The traditional ending solves the problem, dilemma, or conflict of the main character. The loose bits all tied up. Usually (especially in children’s books) the ending is happy or at least satisfying. Once Max is home his supper is still hot; once Charlie gets to live in the Chocolate Factory his life is good; once the LittlePrincess finds her father, the book is done. Finished. Over.
        
But think of this: The ending without the beginning is simply a block, a stoppage, a single bookend, one side of an equation, omega without an alpha.
        
I am better at beginnings. Can write them all day—and I do. I can show you a file cabinet full of beginnings. Nowhere do I have even a small folder of endings. Most authors don’t write endings to start a book. But it is the endings that people leave the books with, so in some ways the endings are the most important part.
        
As I thought about endings—and being a lover of fairy tales—I knew immediately that the deeply rooted last line in folk stories, “And they lived happily ever after,” is the core of what we think we know about endings. We hear it always in our hindbrain because it’s the last line most of us in the West have grown up with. That line stops the story at the point of greatest happiness. The wedding, the homecoming, the mystery unraveled, the villain disposed of, families reunited, babies born. If we went on in the story Cinderella, she might be whispered about in court: after all, her manners are not impeccable, she always has smudges of ash on her nose, and no one can trace her bloodline back enough generations. Perhaps she has grown fat eating all that rich food in the castle, and the prince’s eye has strayed.
        
If we went on in The Three Little Pigs, the brother who builds with bricks will have kicked the other two layabouts out of his house, or hired them to run his successful company and they—angry at their lower status—would plot to kill him. But, having little imagination, they would do it the only way they know how, by trying to boil him in the pot that still holds the memory of the wolf’s demise, so of course the brick-building pig would find them out. 
        
But modern books pose a different problem. They present harder choices. It’s no longer fairy-tale endings we are talking about, but the other stuff, more realistic, stronger, difficult, and maybe not happy-ever-after stuff.

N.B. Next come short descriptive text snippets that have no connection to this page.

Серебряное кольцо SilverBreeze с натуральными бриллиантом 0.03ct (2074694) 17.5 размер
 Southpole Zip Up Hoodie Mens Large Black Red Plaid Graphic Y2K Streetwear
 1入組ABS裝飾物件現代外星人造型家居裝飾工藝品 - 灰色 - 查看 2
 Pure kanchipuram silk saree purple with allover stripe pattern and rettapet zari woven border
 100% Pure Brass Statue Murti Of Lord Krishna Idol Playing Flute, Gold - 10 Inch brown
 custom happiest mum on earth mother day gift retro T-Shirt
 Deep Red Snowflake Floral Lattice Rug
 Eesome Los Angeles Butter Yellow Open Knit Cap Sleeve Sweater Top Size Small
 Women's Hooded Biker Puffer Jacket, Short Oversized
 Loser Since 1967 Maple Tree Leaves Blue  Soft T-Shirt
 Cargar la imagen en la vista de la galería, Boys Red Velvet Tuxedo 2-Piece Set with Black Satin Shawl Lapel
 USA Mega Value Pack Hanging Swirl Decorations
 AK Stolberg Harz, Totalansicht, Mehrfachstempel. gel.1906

The biggest three problems for me about endings are:
        
         1. I don’t know how to plot, and how do you have an ending without a plot? 
        
         2. You have to get over the great wall of Middle to get there, and I hate Middles.
          
         3. What happens if the character insists on a different road than the one you
         thought you had planned?

Whether I think I know the ending before I start, or think I really know it halfway through the book, the right ending always surprises me as much as any reader. And what surprises me the most is how inevitable the ending really is. Even if I hadn’t known how things were supposed to go, the story had known it all the time.
        
When I wrote the historical novel The Gift of Sarah Barker—“Romeo and Juliet in a Shaker community” is what I called it to myself—I expected the boy Abel and the girl Sarah to fall in love, which they did. Have adventures, which (in a way) they did. And leave the Shaker community, which they certainly did, because the Shakers did not believe in any boy/girl or man/woman (and certainly no homosexual) pairings at all. Shakers were meant to be as asexual, as innocent, as angels. But I also expected that the two would get married, have a child, and Abel would go off to fight and die in the Civil War, leaving Sarah to return to the Shaker community with her baby, there to become her baby’s “sister” as her own mother had done with her. It was a perfect arc for the novel. In the beginning is the ending. But it was not the arc my novel wanted to take. When I reached the end, I so loved my characters and what they had gone through to earn their love, I knew the book couldn’t turn into tragedy. Not even a Cold Mountain kind of transcendent love tragedy. Sometimes a book earns a powerful tragic ending. But not this one, it needed a positive ending. Actually, it insisted on such an ending. So Abel lived a long, good life with Sarah, helped raise their child, not only because I couldn’t bear to kill him young, and not only because I knew that Sarah would never go back to the Shakers dragging a child with her, but because the story wouldn’t allow it. So I discovered the ending as I began to write it, as it turned away from tragedy into the proper love story it was meant to be all along.
        
So perhaps one way to look at endings is a process of discovering what the book itself wants and needs, and in that way also finding the ending that you—the author—wants. Maybe the moral of this is that sometimes you have to write the wrong ending many times till finally, by a process of elimination or sheer fatigue, the right one gets written.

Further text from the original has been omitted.